La société russe Gazprom a-t-elle enfreint la législation européenne en surfacturant ses livraisons de gaz naturel à la Lituanie ? La Commission européenne a lancé une enquête anti-trust. Alors, comment les États baltes peuvent-ils assurer leur indépendance énergétique ? La réponse dans ce numéro de Reporter.

Comme tous les matins, ces hommes s’apprêtent à embarquer à bord du Victoria amarré dans le port lituanien de Klaipeda situé dans le Nord-Ouest du pays. Après une courte traversée, ils rejoignent le gigantesque terminal flottant de gaz naturel liquéfié ou terminal LNG (Liquified Natural Gas) baptisé Indépendance. Tout un symbole. Depuis quelques mois, le méthanier stocke le gaz naturel importé de Norvège par la Lituanie et destiné à alimenter le réseau de pipelines de la région de la Baltique.

La mission de Romas et de son équipe : assurer la protection du nouveau terminal afin de garantir l’autonomie énergétique de la Lituanie. Jusque-là, le pays dépendait exclusivement du russe Gazprom pour ses approvisionnements en gaz naturel. Désormais, la donne a changé. Et Vilnius peut enfin choisir ses fournisseurs.

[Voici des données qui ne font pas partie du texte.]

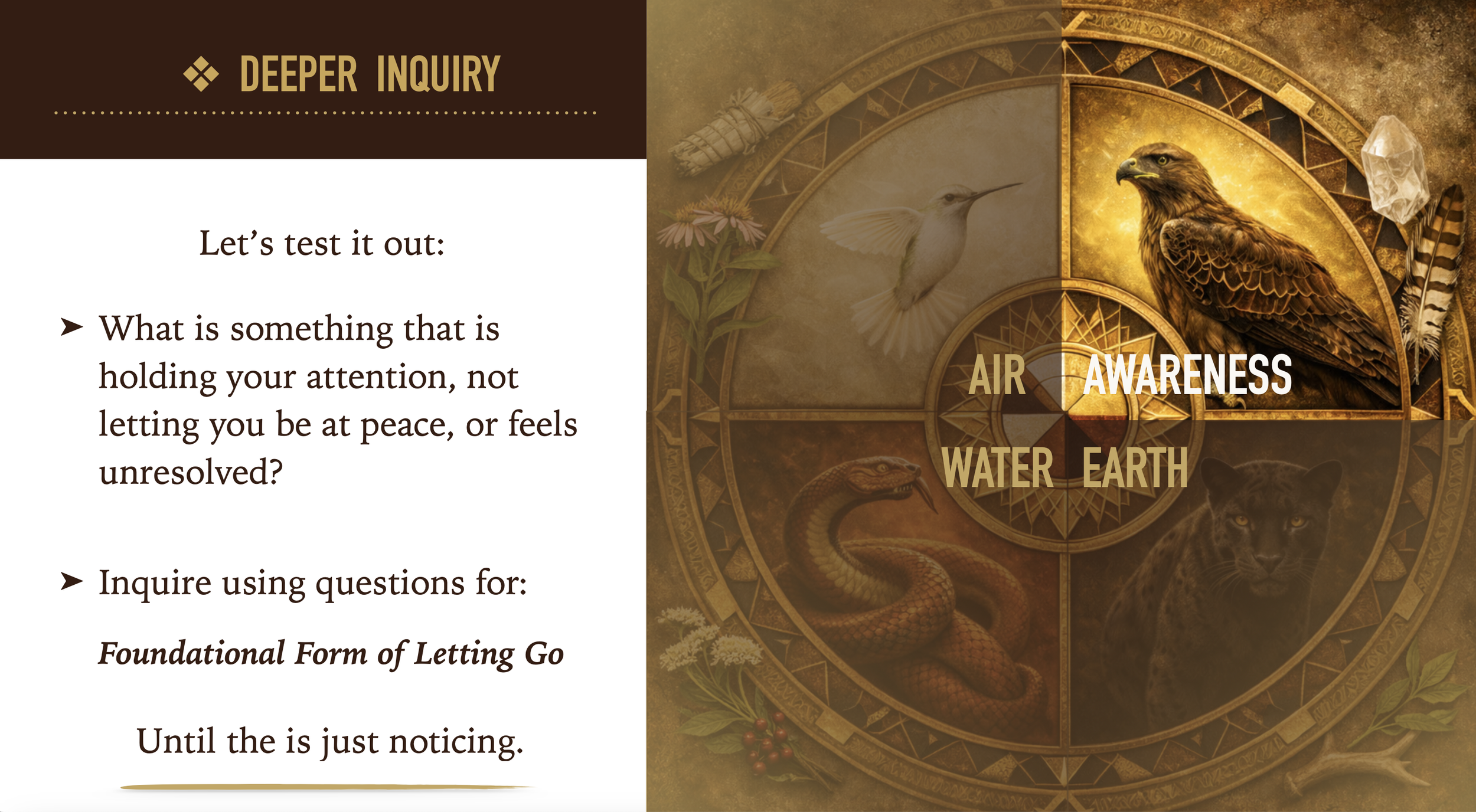 Deeper Inquiry The Sedona Method.png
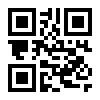 isna.ir/xjvg7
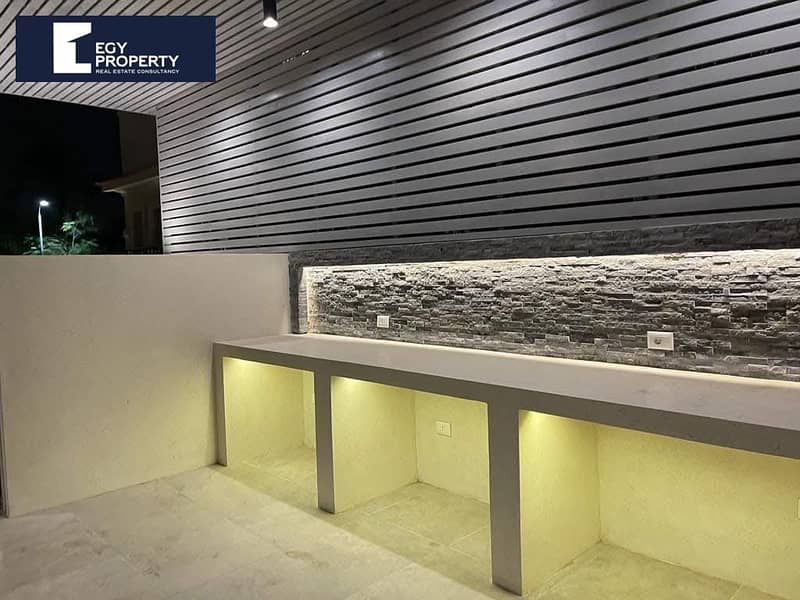 9 WhatsApp Image 2025-09-11 at 4.27. 44 AM (19). jpeg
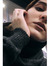 Merve Nur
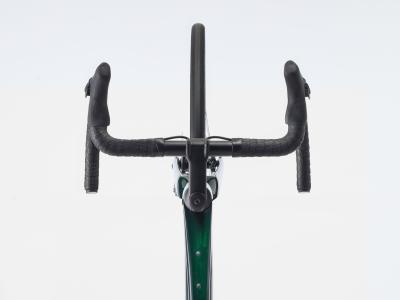 Trek Domane SL 7 47 Ivy Smoke Produktbild 2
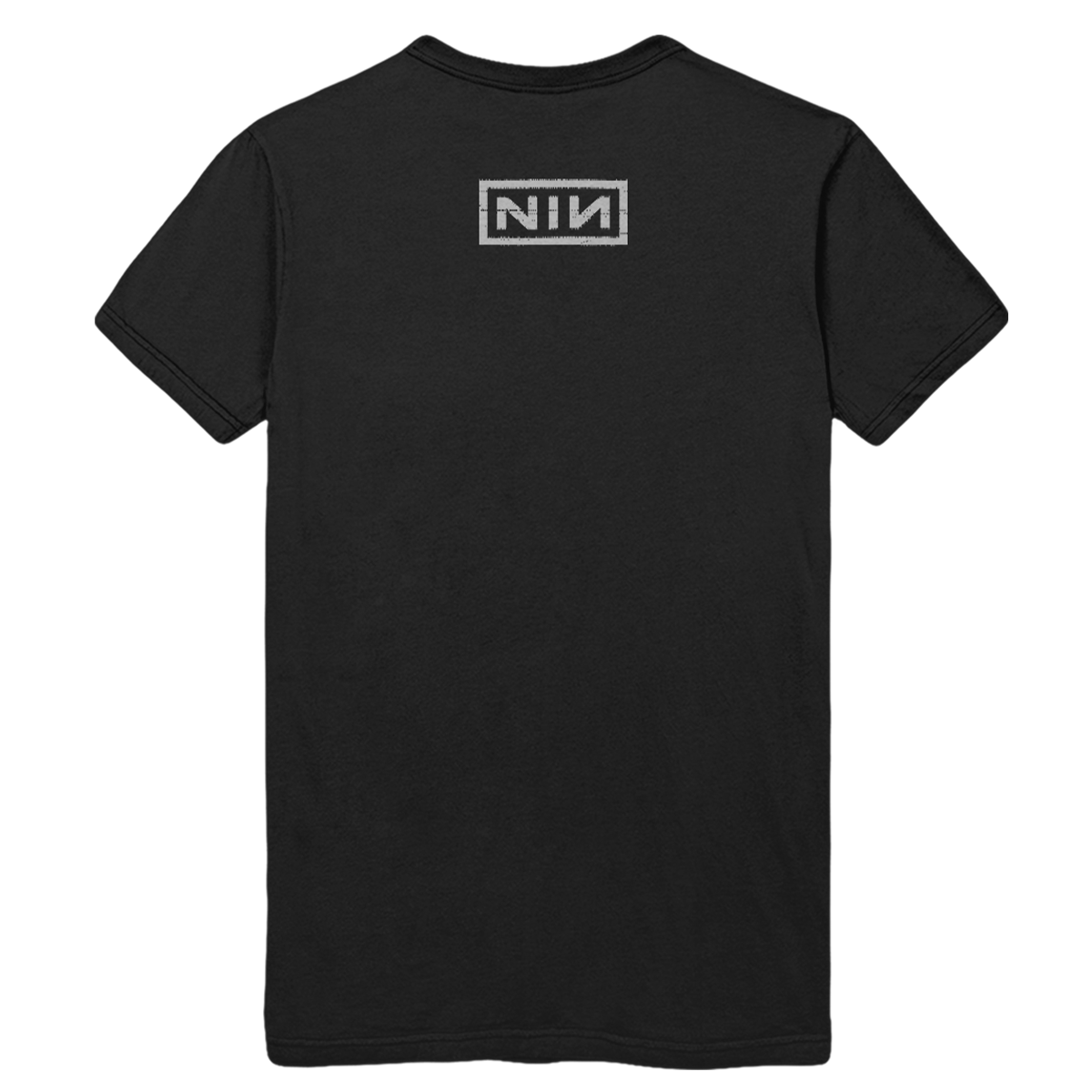 Every Day 2020 Tee Nine Inch Nails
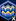 Soliton Wave Generator icon (Federation).png
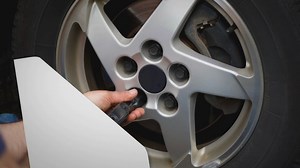 Fuel Line Replacement: Ensuring Efficient Fuel Delivery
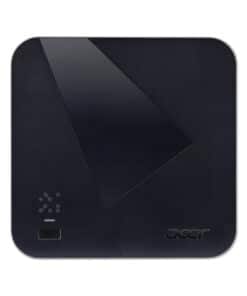 Acer Veriton N NUC VN1502G-13N0U Desktop - Afbeelding 6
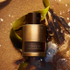 Fotoja e Eau de Parfum Tom Ford Oud Minérale, 50 ml, Picture 4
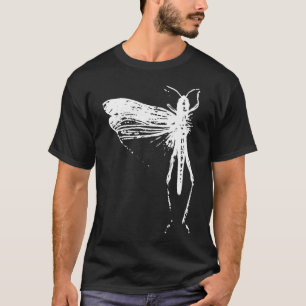 Lokaliseringsbandet T Shirt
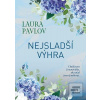 Nejsladší výhra (Laura Pavlov)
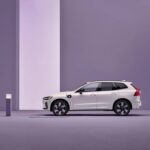 7 Marcas de Autos que pasaron al 2025 como las Más Fiables »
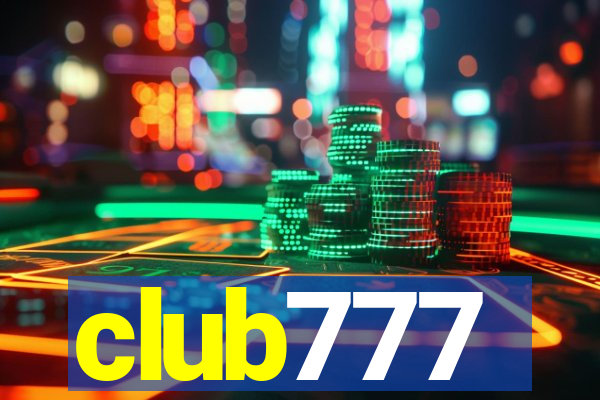 club777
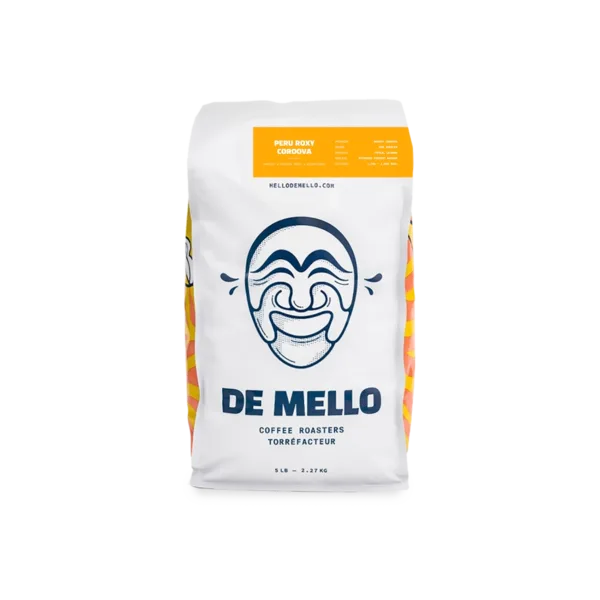 peru-roxy-cordova-c88a12-de-mello-coffee-roastery-sg-Peru-Roxy-Cordova-5lb Peru Roxy Cordova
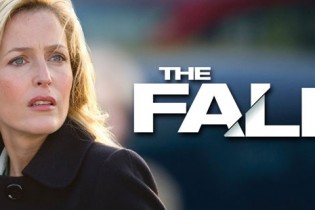 The Fall – Season 1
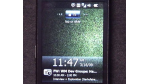 Marktstart am 11.Mai: Windows Mobile 6.5 kurz vor Freigabe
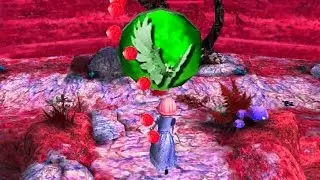 Tomb Rush Temple Endless Run - Candy Run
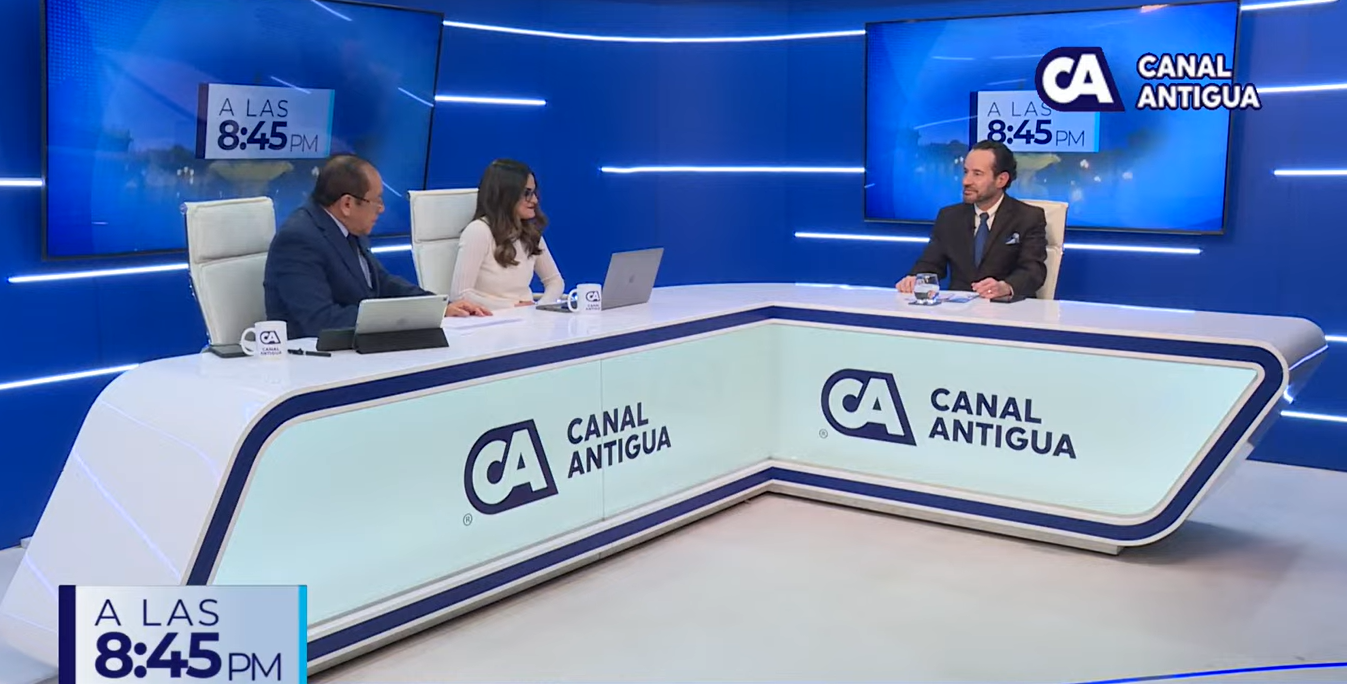 Captura de pantalla 2026-01-26 214203
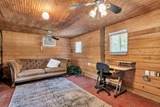 891 Choctawhatchee River Road - Photo 54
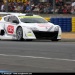 09_worldseriesrenault_leMans_meganeD37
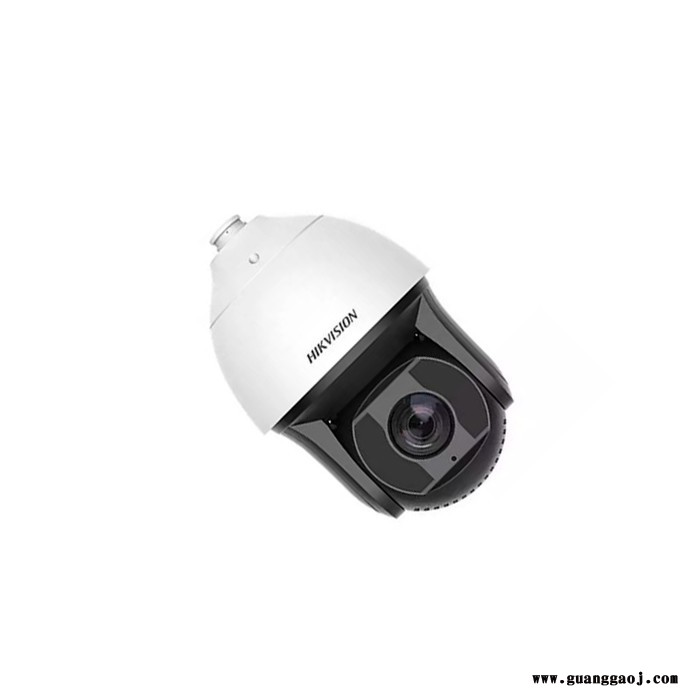 海康威视iDS-2DF8432IX-A/GLT(T3) 400万32倍高清智能球型摄像机图3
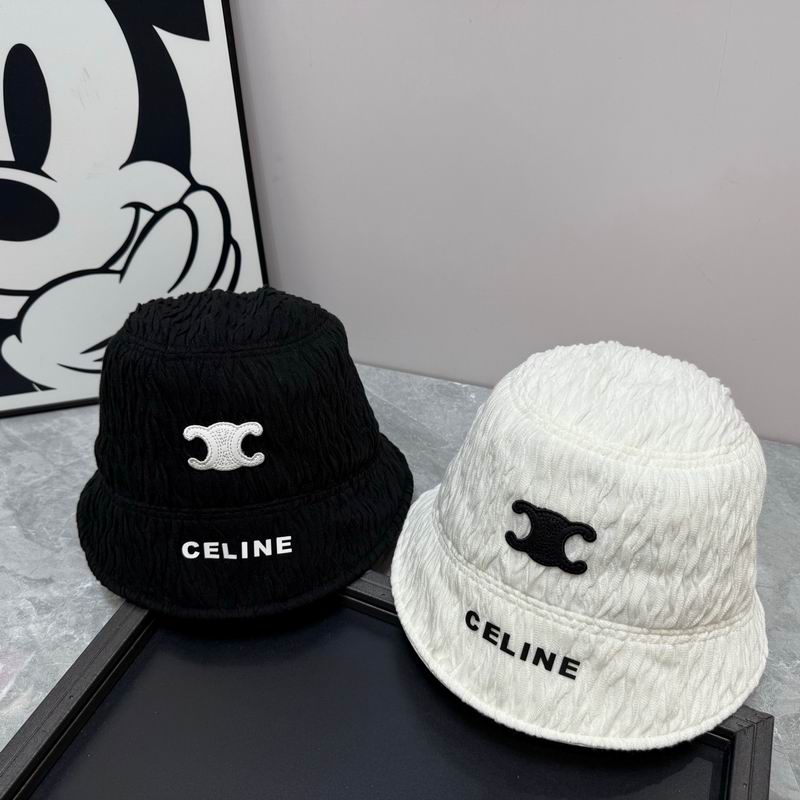 Celine hat (40)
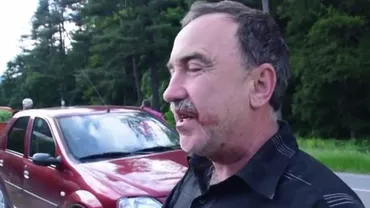 Răfuială la Neamţ: Un consilier l-a reclamat pe primar că l-a tăiat la mână. „Mi-a spart buza şi m-a atacat cu ceva ascuţit” (VIDEO)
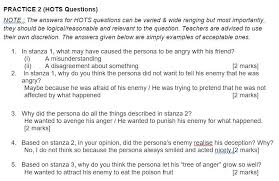 Questions Answers This Or That Questions Question And Answer Answers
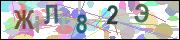 captcha.gif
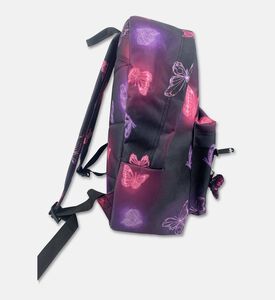 Hype Hype Backpack Iconic, Packshot View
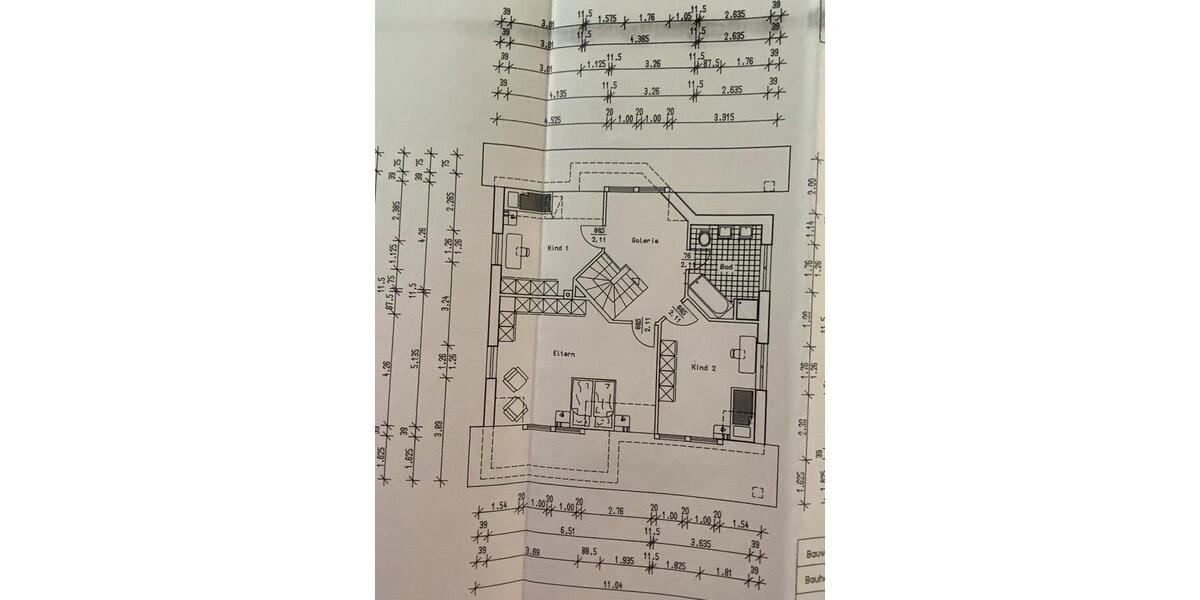 Einfamilienhaus Delmenhorst - 5 Zimmer, 171 m&sup2;, 650.000&euro; | Angebot:26841917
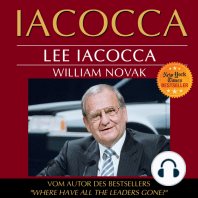 Iacocca. Eine amerikanische Karriere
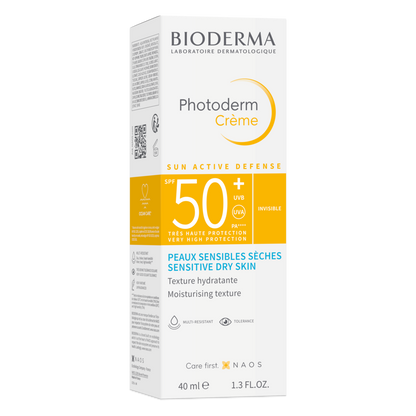 bioderma028
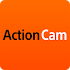 Action Cam App2.1.4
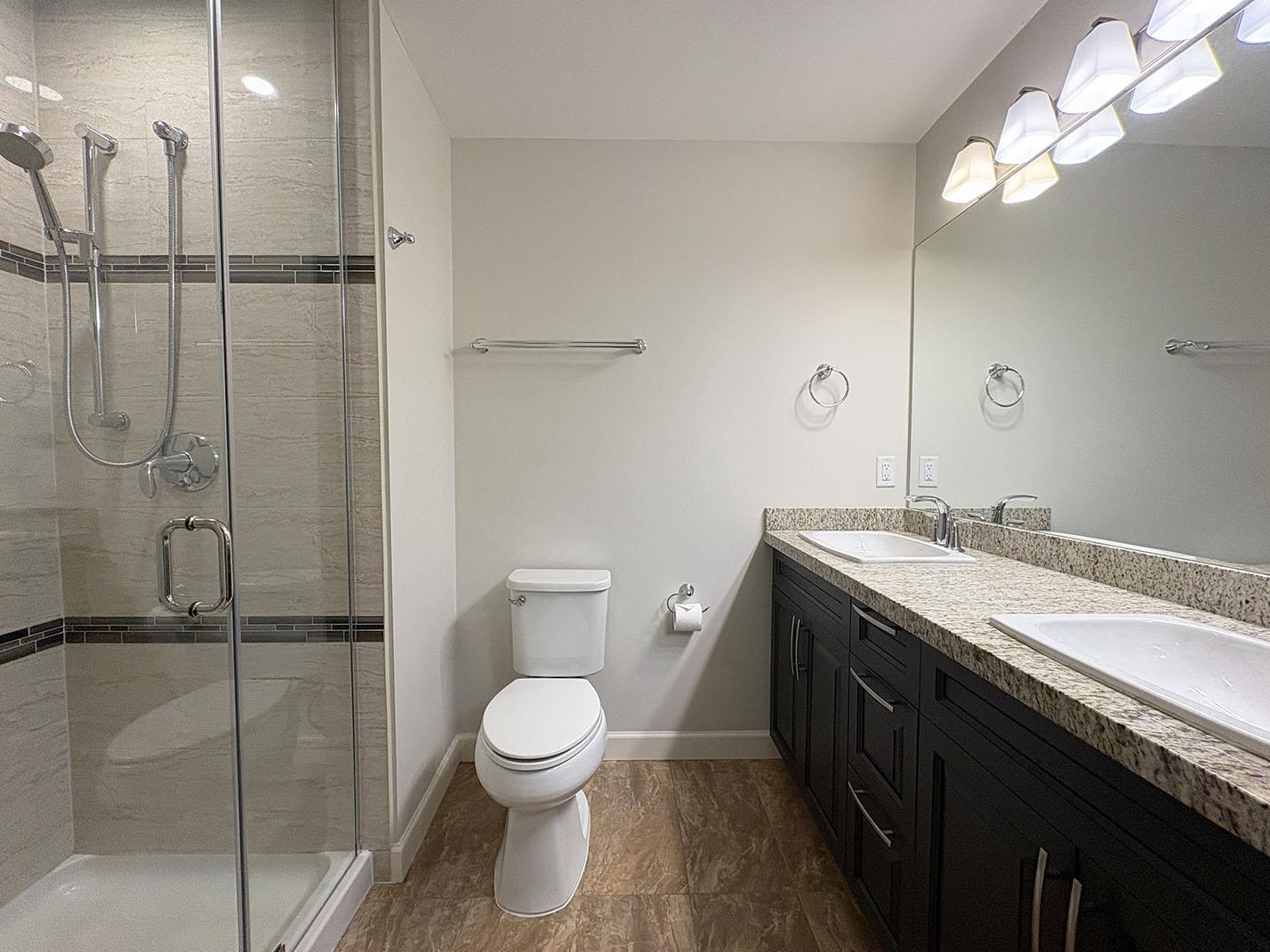 213b 8218 207a Street, Langley, British Columbia  V2Y 0Y1 - Photo 15 - R3069872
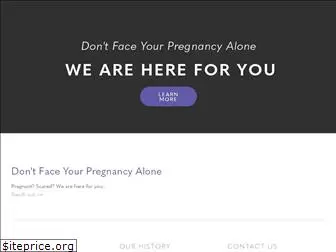 willowpregnancy.org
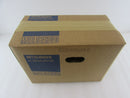 HC-SF152B Mitsubishi Servo Motor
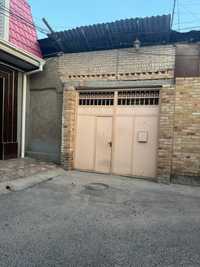 Продаётся дом в Узбекистанской по улице Чехова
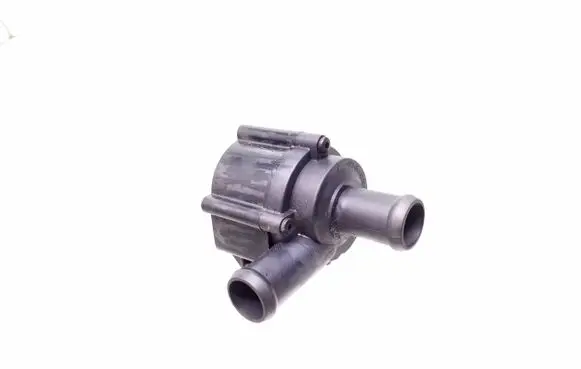 Audi A6 S6 C7 4G Electric auxiliary coolant/water pump 059121012A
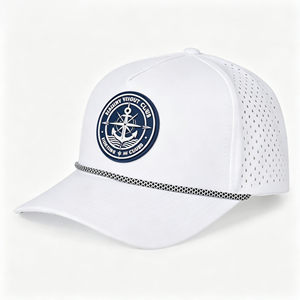 6-panel Brim Hip-Hop Sports Snapback <b>Hats</b> Unisex Promotional <b>Hats</b> <b>Caps</b> Custom Logo Embroidered Baseball <b>Cap</b> - Product Image 2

Tadas Matulionis, directeur du terminal LNG de Klaipeda :

“Avec ce navire et ce terminal, pour la première dans l’histoire lituanienne, nous ne dépendons plus d’un seul et unique fournisseur de gaz naturel – Gazprom. On peut s’approvisionner auprès de n’importe qui à travers le monde. Et aujourd’hui, nous avons du gaz naturel qui transite de Lituanie vers l’Estonie en passant par la Lettonie. Une situation inimaginable, il y a encore un an.”

En avril dernier, la Commission européenne a ouvert une enquête pour abus de position dominante à l’encontre de Gazprom. Le géant russe est soupçonné de pratiques anticoncurrentielles dans 8 pays de l’Union européenne (Bulgarie, République Tchèque, Estonie, Hongrie, Lettonie, Lituanie, Pologne et Slovaquie). Gazprom aurait notamment surfacturé de 40 % certaines de ses livraisons de gaz. Faux rétorque Moscou !

Alors, pour aider les pays de la Baltique à rompre le monopole de Gazprom, l’Union européenne encourage la coopération régionale. Un nouveau réseau de gazoducs est programmé entre l’Estonie et la Finlande et entre la Pologne et la Lituanie. Un renforcement des capacités des réseaux existants est également prévu de la Lettonie vers la Lituanie, ainsi que vers Klaipeda et le terminal Indépendance.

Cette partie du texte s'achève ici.